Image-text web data
++++
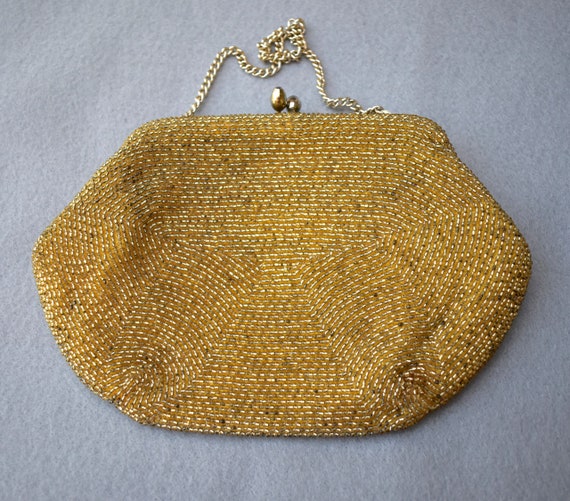 Bon Soir Mid Century Beaded Evening Bag Made In J… - image 3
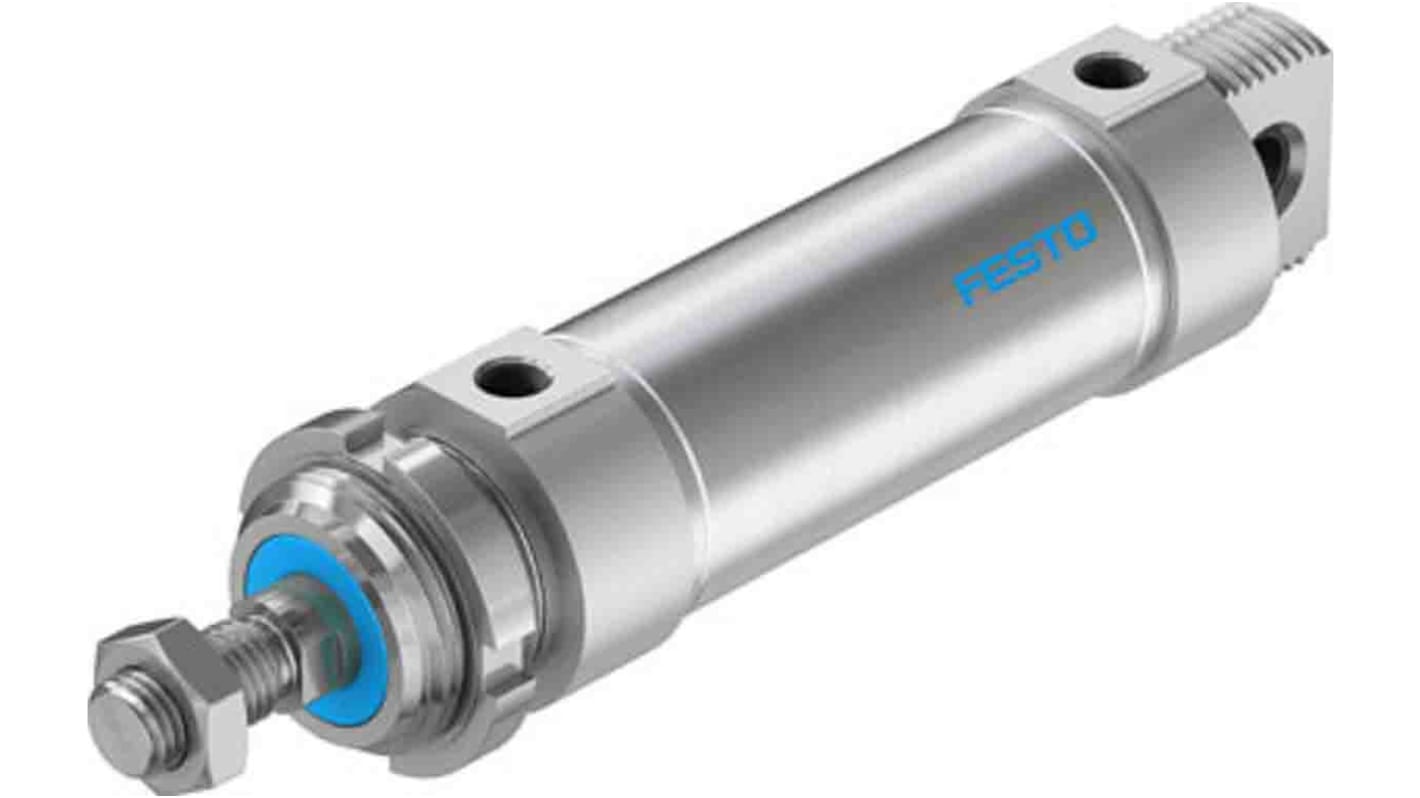 Festo Pneumatic Piston Rod Cylinder - 196003, 50mm Bore, 80mm Stroke, DSNU Series, Double Acting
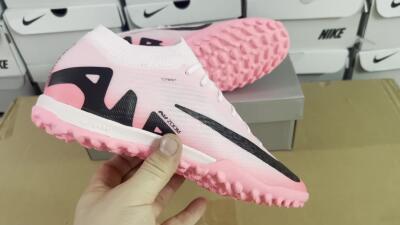 Nike Air Zoom Mercurial Vapor 15 Elite TF Football Shoes - Pink/Black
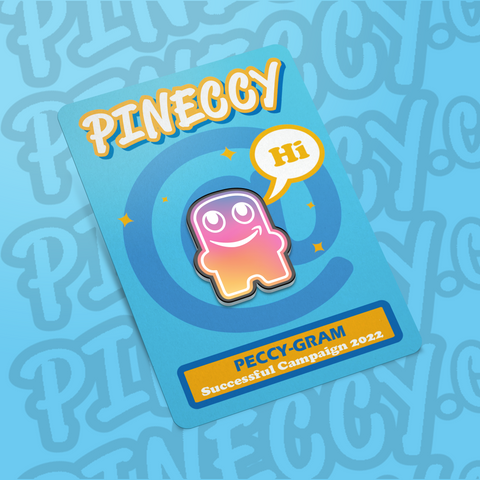 Peccy-Gram Pineccy Smile AIR Pin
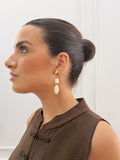Pendientes Piedras Blanca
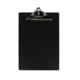Saunders Letter Size Aluminum Clipboard w/ Clip, Black, Chrome Clip, 23517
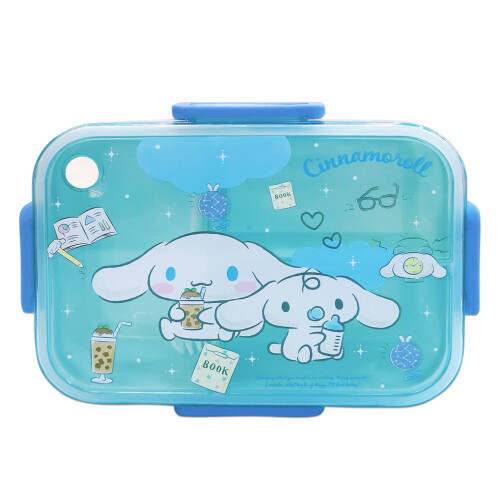 Cinnamoroll Printed Bento Box with Spoon 4-Point Lock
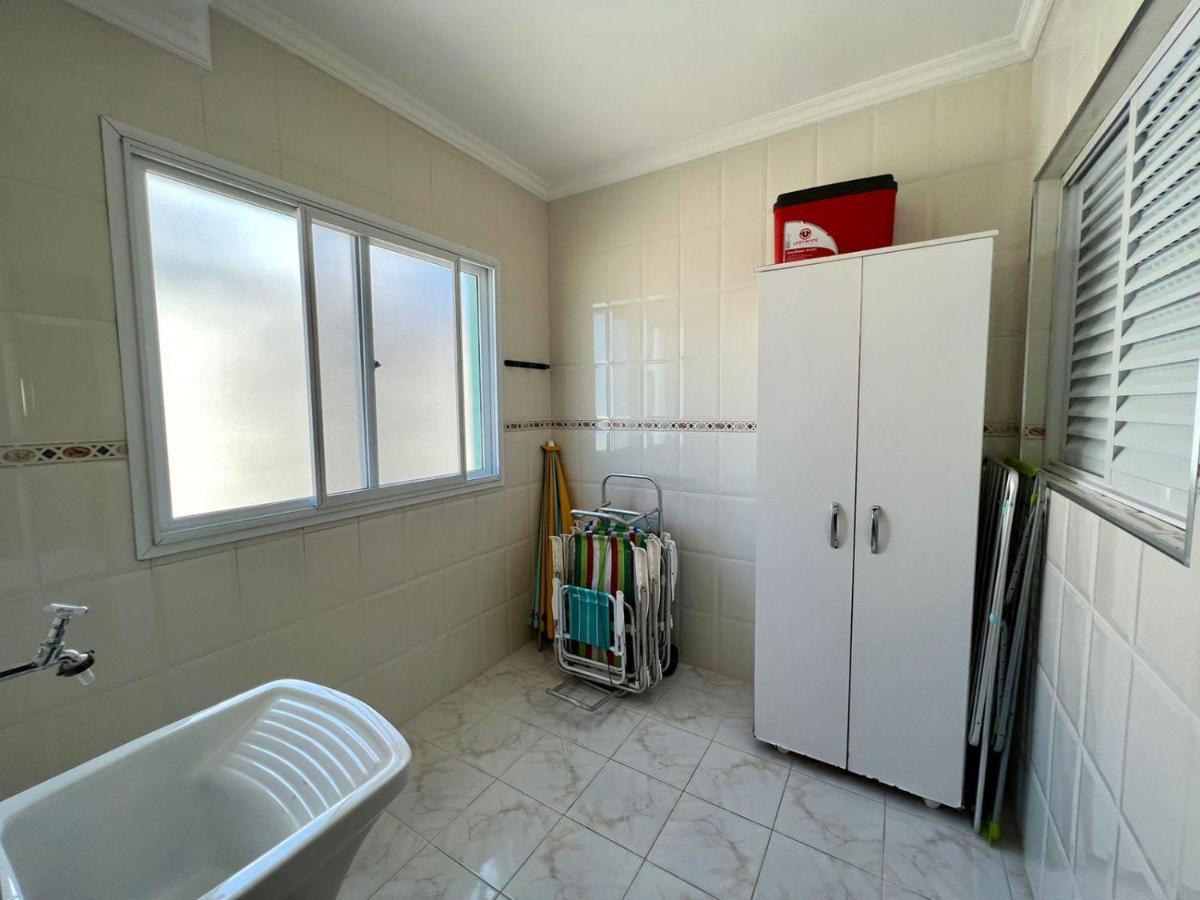 Apartamento Guilhermina De Frente Para O Mar Praia Grande  Bagian luar foto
++++
All lines from the one containing "Cinnamoroll Printed Bento" to the last line of the records above, and no others, should be returned unchanged, without pictures.

RESPONSE
 Cinnamoroll Printed Bento Box with Spoon 4-Point Lock
 Apartamento Guilhermina De Frente Para O Mar Praia Grande  Bagian luar foto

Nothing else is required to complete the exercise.